Ok, I know this is going to sound quite off putting for many people. Tripe is a scary old thing. But fear not, although the word “Callos” translates as tripe, I don´t actually put any into this dish (although you could). Confused eh?
Well, let me explain. The first time I ever ate this dish was at a Feria in a nearby hamlet. It´s tiny, probably only a dozen houses, but it belongs to our “Municipio” and puts on an amazing fiesta every year. One of the first of the summer in fact. They always seem to attract a good flamenco singer, they do a fantastic paella at lunchtime, and they always have plenty of good food apart from the usual pinchitos (kebabs) and montaditos (fillets of pork on bread). Hundreds of people attend, it´s a great event apart from the winds which whip down the mountain and make hairstyles, skirts, old people and small children blow all over the place.
So, Big Man ordered me a portion of Callos which was essentially a chick pea stew with tiny chunks of meat, chorizo and morcilla in it. I loved it and looked up the word when I got home and though “oh lord, I´ve been eating tripe”! During the almost six years I´ve lived here, I´ve only eaten it a couple of times a year as not many people make it anymore – it´s not complicated to make, but it takes time.

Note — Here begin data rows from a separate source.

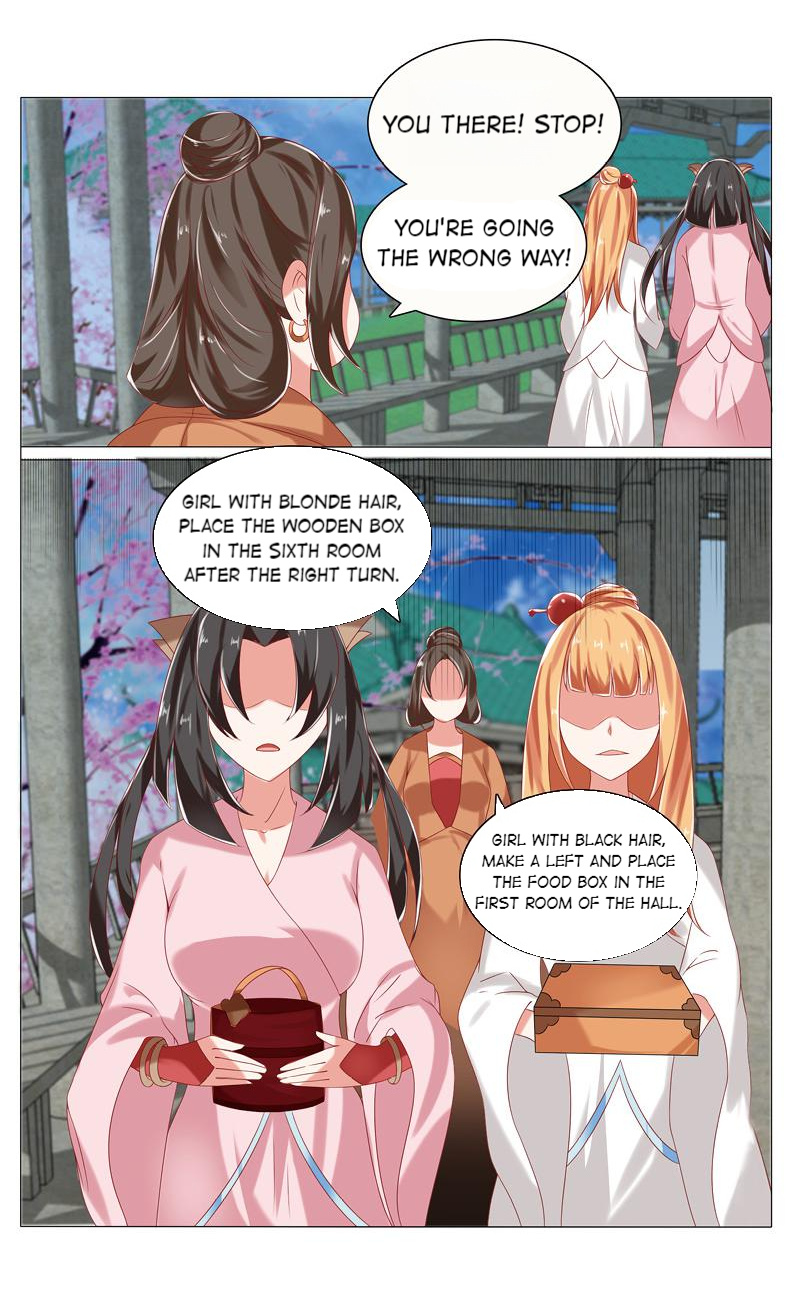 Soul Attraction Song Chapter 47: Morphing Banquet (Part Two) - Picture 3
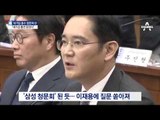 입 맞춘 듯한 대답…재벌 총수들 “대가성 없었다”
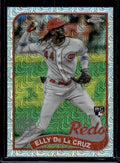2024 Topps Chrome Elly De La Cruz #T89C-83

Of course, I recently decided that I wasn´t prepared to wait until next summer for my fix, I´d make my own. This is where the fun started. I asked the butcher to prepare me whatever I needed for this dish (meat wise) and that´s when I found out that her version would not include tripe.
Strange, I thought, but let´s crack on. She (yes, we have two butchers locally, and one is a woman who looks exactly like a lady butcher should look – big and jolly with fingers like sausages) got things ready. The goodie bag included (per four person serving):
- Two pigs trotters split down the middle
- Some finely chopped pork tongue
- A finely chopped pigs ear
- Some chopped pancetta or pork belly
- Some finely chopped cooked pigs blood
See – not so scary after all (well, maybe apart from the blood)! I also had to buy some chorizo and morcilla and chick peas. I´m not giving measurements here as it´s a kind of “make it up as you go along” dish. I then asked about 20 different people how they made Callos. Half had never made it so were of no help at al. The others gave me 10 different ways of making it, each with their own little “twist”.
This is what I eventually came up with, and I have to say it tasted as good as the Fiesta version, and Big Man thought it was better…modesty prevented me from saying that myself of course!
Soak the chick peas overnight and the next day cook slowly for a couple of hours with a few bay leaves, 4 cloves, and a dried chilli until completely tender. Don´t rush this, you´ll have plenty to be getting on with while they cook.
In a separate pot blanch the all the pork products, drain and put into fresh water. Now cook slowly for a couple of hours until really tender and drain again. Get those kitchen gloves on and pull all the tender meat off the trotters and discard the bones (or give them to your dog who will love you forever). Now add the chunks of meat to the cooked chick peas (still in their water). Add about 5 or 6 whole cloves of raw or roasted garlic, some saffron dissolved in water, ½ a teaspoon of sweet or hot pimentón, the whole chorizo and morcilla (which you will slice before serving) and cook for about 30 minutes. Leave to stand for at least 15 minutes before serving (but it´s even better prepared the day before) and remove the cloves, bay leaves and dried chilli.
Make sure you have a table full of very hungry people, don´t tell them what´s in it if they´re a bit squeamish, and enjoy. Now go for a lie down…you´ll need it!